ことの発端はことし1月。奈良県警が奈良西署で、拳銃の実弾5発を紛失したと発表しました。県警は、署の地域課に所属する20代の男性巡査長を、窃盗の疑いで任意で聴取しました。
男性巡査長
「(実弾を)持っているという記憶も、とった記憶もないです。ほんまにないです、うそじゃなくて」
しかし、聞き入れられることはなく、取り調べはことし2月末から8日間、朝から晩まで続いたといいます。
取り調べには、いわゆる“うそ発見器”も使用され、深夜、自宅を捜索されたり、日常生活の監視もされていたりしたといいます。
取調官
「往生際悪いぞ、悪いわ。ちゃんと終わらせよう。(幹部らが)お前の家に張り付いているの知っているやろ」
取調官
「一番わかるやん、やったやつ」
男性巡査長
「でも、ないです」
取調官
「お前みたいな行動は少なくとも0人、間違いない」
県警はその後、実弾の紛失はなく、本部の担当者がそもそも弾を少なく配分していたと発表しました。

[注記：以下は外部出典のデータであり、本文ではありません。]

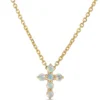 Opal Cross Pendant, 14K Yellow Gold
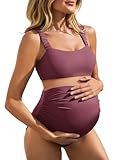 Summer Mae Gerippter Schwangerschafts-Bikini, Badeanzug für Damen, hohe Taille, zweiteiliger Badeanzug, bauchfreies Oberteil, Schwangerschaftsbademode, Marsala, 36-38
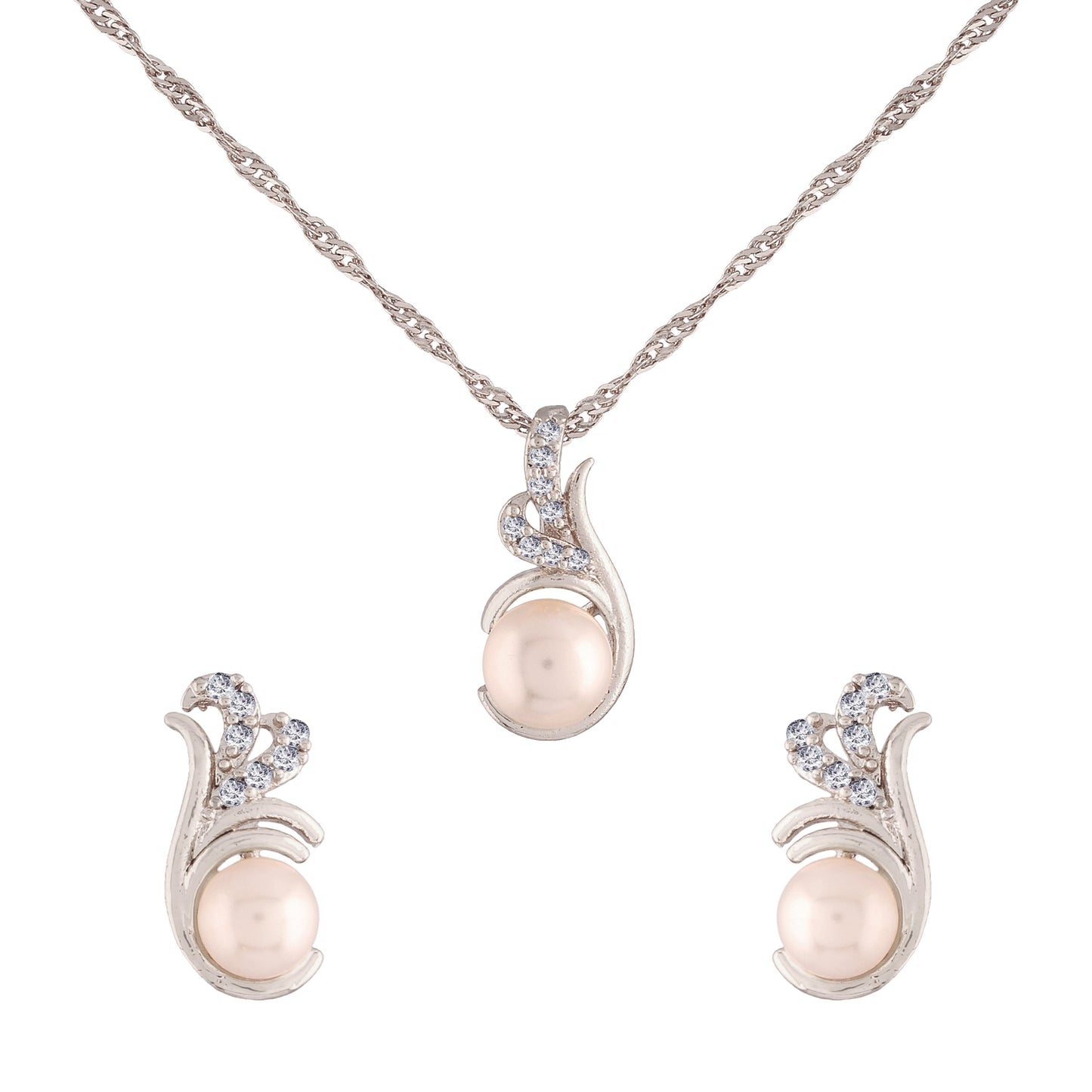 Women's 18k Rhodium Plated Pearl & Cubic Zirconia Twisted Pendant Necklace Set with Earrings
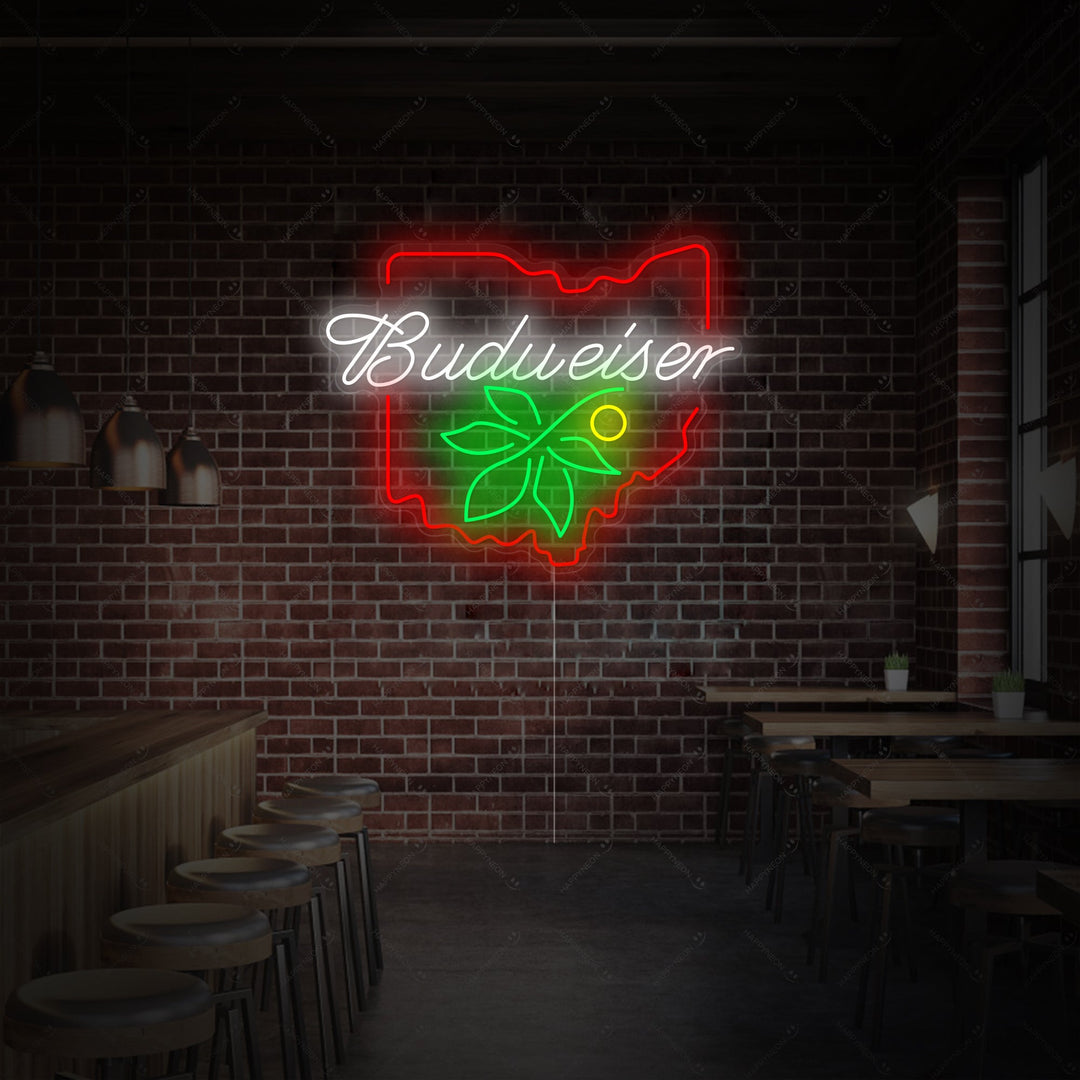 "Bud Ohio Buckeye" Neonschild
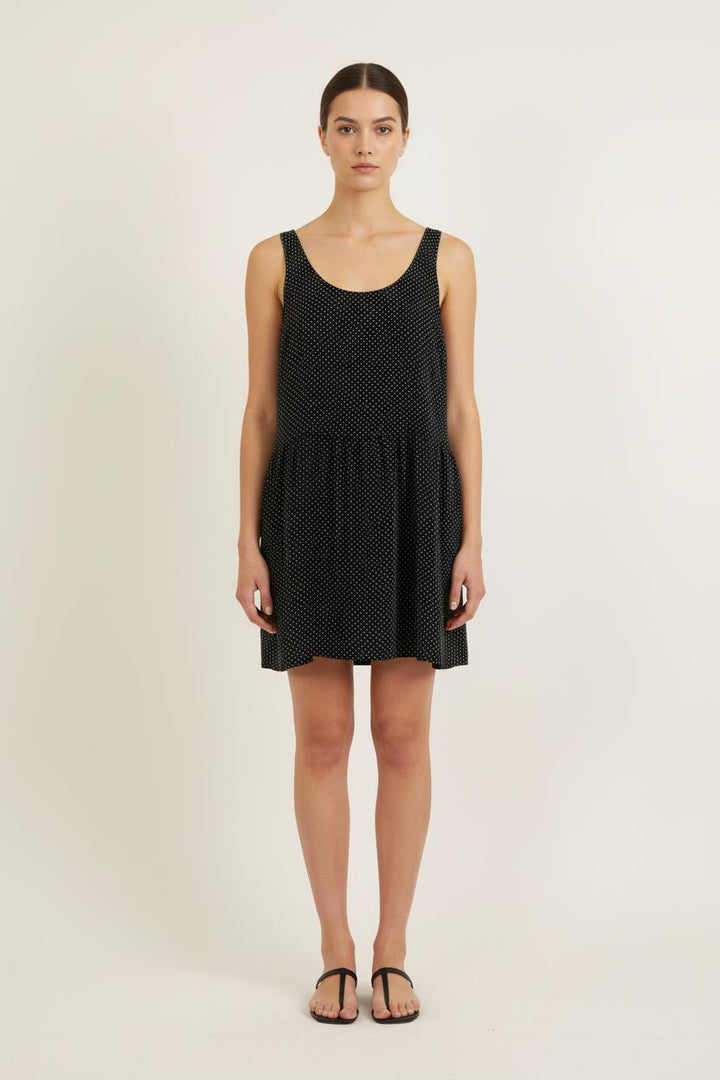 Robe Courte Noire à Pois Blancs - Taille M/38 de la marque Des petits hauts | PARAD73966 - Vendu par Paradigme - Image 1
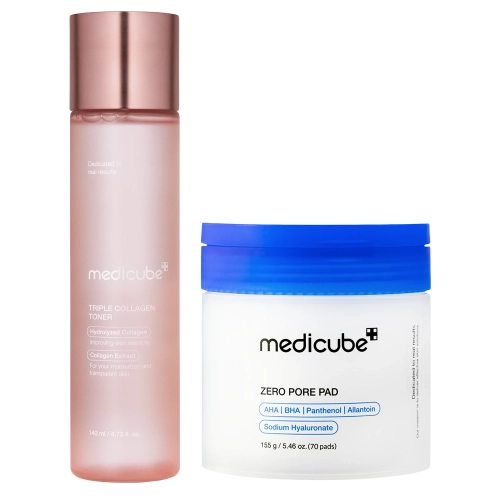 Pore Specialist Set - Sada pre tonizáciu pleti - Kolagénové tonikum 140ml + Tonizačné tampóny 70ks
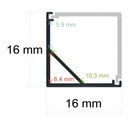 Profilé LED d'angle avec diffuseur à angle droit 16 mm x 16 mm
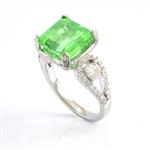Natural Emerald Diamond Ring in 18kt White Gold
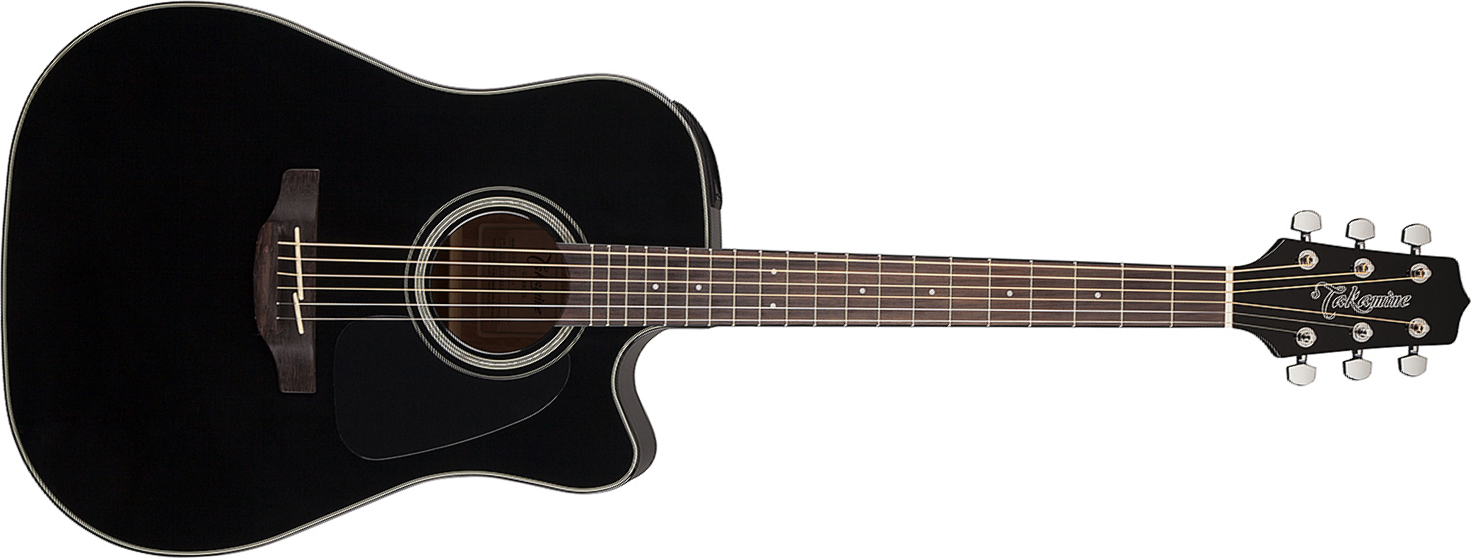 Takamine Gd30ce-blk Dreadnought Cw Epicea Acajou - Black - Elektro-akoestische gitaar - Main picture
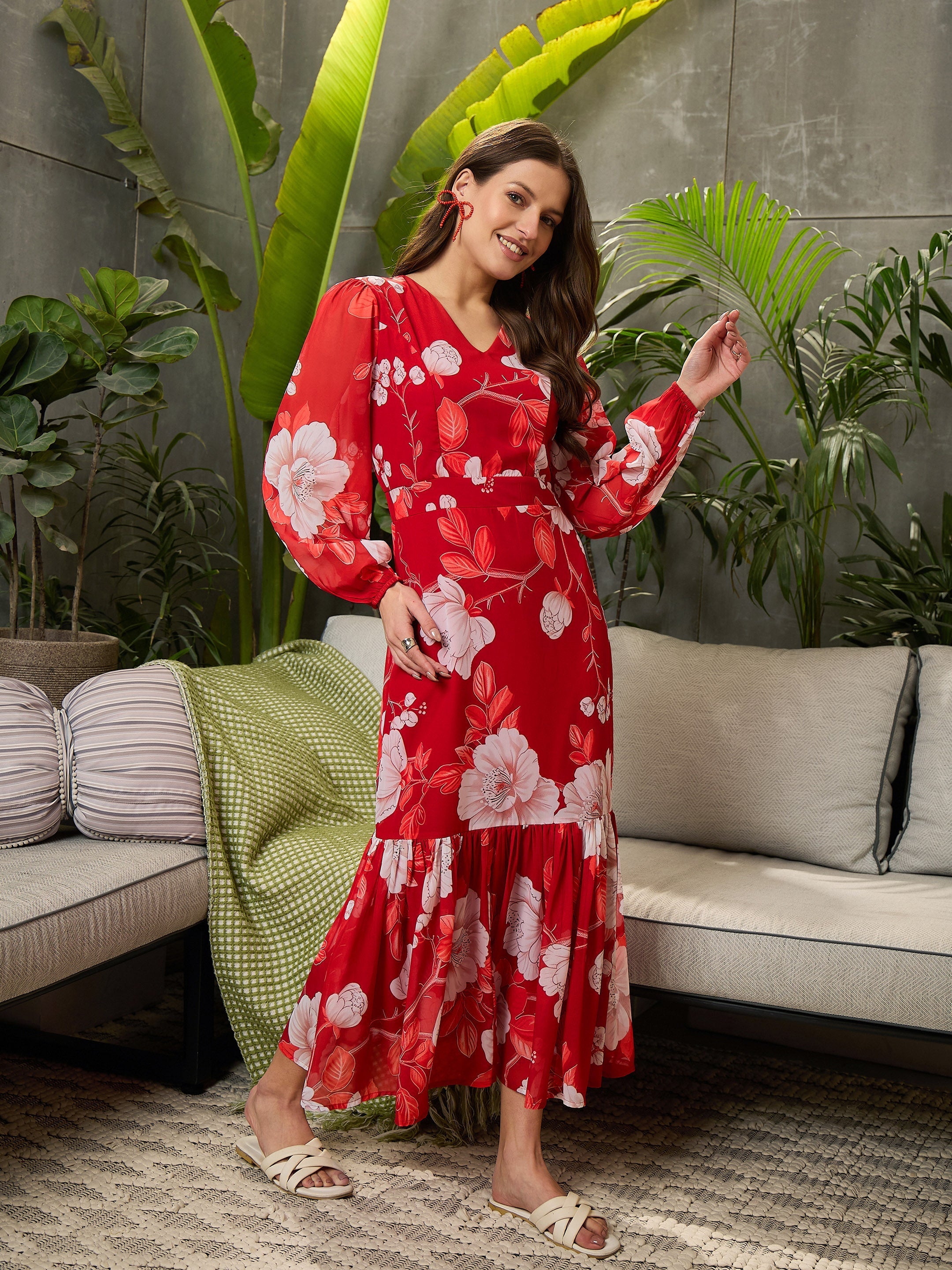Women Red Floral Baloon Sleeve Midi Dress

一方、男性巡査長はうつ病を発症し、休職。県に対し、およそ710万円の賠償を求めています。
取調官
「人間なんて、みんなうそつくが、病気に近い回答の仕方をする。お前、虚言性なんちゃらや。その特徴というのは、ADHD(注意欠如・多動症)とかの特徴やで」
取調官
「やりましたでいいわ、やりましたでいこう」
男性巡査長
「とった記憶がないです。そこから(捜査)進まないんじゃないですか」
取調官
「いいよ、しようがない」
これに対し、奈良県警本部は「係争中の案件のためコメントを差し控えるが、引き続き丁寧かつ誠実に対応していく」としています。
今回のケースに専門家は…
立命館大学・浜田寿美男上席研究員
「残念ながら日本の刑事捜査は被疑者と疑われた段階で、取り調べで“やったに間違いない、謝れ”というところから始まりやすい。(警察は)真犯人から自白をとるのは手柄になるけど、逆に無実の人間を早々に無実だと解明して早く釈放しても、誰も手柄だと言ってくれない文化がある」
第1回口頭弁論は4日に奈良地裁で開かれる予定です。